T-Mobile
Photo Production

Overview

How can we show that T-Mobile views their customers as people, not just numbers?

This portfolio piece shows how my previous work experience as an Advertising Producer / Creative Project Manager for commercial photo shoots enabled me to develop many of the skills that I now use as a UX Designer. I'll draw some parallels between the roles of Producer and UX Designer; these are clearly different roles, but both involve similar problem-solving abilities.

I was hired by Publicis Seattle to produce a commercial ad campaign for T-Mobile. The challenge was to understand the client's needs and the Art Director's vision, assemble a creative team to produce the photos, manage the scheduling and budgeting framework, and ensure that our deliverables met T-Mobile's needs.

Solution

I selected, hired, and managed a creative team consisting of models, stylists, and a photographer. Our team produced advertising images for a successful billboard and web campaign for T-Mobile. The client was so pleased with the results that the campaign was expanded nationwide.

 
  • Role: Art Producer / Creative Project Manager
  • Tools: Photographer sourcebooks, photographer portfolios, Microsoft Office Suite
 

Research

My User Research began with interviewing the Art Director, and asking the right questions to fully understand his vision. I also conducted Stakeholder Interviews, to understand the client's business and marketing requirements. When I had a thorough understanding of the Art Director's vision, as well as our client's budget and scheduling constraints, I called in appropriate photographer portfolios, and hired the photographer best prepared to produce a successful shoot for our client.

This was a fun campaign which expressed that "when you drop a call, you drop a person". This was a relatively simple concept for an ad, but the simplicity was a mark of the idea being sophisticated and refined, with all unnecessary aspects being stripped away. Since there was so little happening visually on each shot, everything that was there needed to be exactly right, and convey precisely the intended message.

With the Art Director and Photographer, I created Personas (archetypes for the models), User Stories, and Scenarios to convey the client's message, and Storyboard the narrative.
 

 

Plan

The planning part of this project involved creating a workflow to organize the budgeting, scheduling, and the client's requirements. I structured a framework for the shoot that ensured all of the different moving parts would work together as an organized whole. I was the hub of the creative wheel – the communication and organizational center for all of the different aspects that make up a large-scale commercial photo shoot.

We had chosen a photographer based in San Francisco, which meant that I had to coordinate everything prior to the shoot remotely from Seattle; we then had just one day on-set to shoot all of the content for the campaign. This required an enormous amount of pre-production planning and coordination so that everything went smoothly on the day of the shoot.
 

 

Design

In this sort of situation, the bulk of the Design work is handled by the Art Director and the Photographer, but I was an important link between the two of them - making sure that the Photographer fully understood the Art Director's vision, and the client's requirements.
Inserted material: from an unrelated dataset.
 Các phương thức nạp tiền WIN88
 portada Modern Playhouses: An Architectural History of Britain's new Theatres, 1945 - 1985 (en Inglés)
I was on-set during the whole photo shoot, and was able to be an extra set of eyes for the Photographer, noticing if anything was off, and offering styling suggestions when it was helpful to do so.
 

 

Result

The client was very pleased with our work. They had billboard media buys from California to New York, including Times Square. Originally the campaign was just meant to run as billboards in NYC and LA, but it was so popular and successful that they expanded it to billboards nationwide. They further expanded the campaign to include online ad tie-ins. It was a memorable campaign with striking visuals.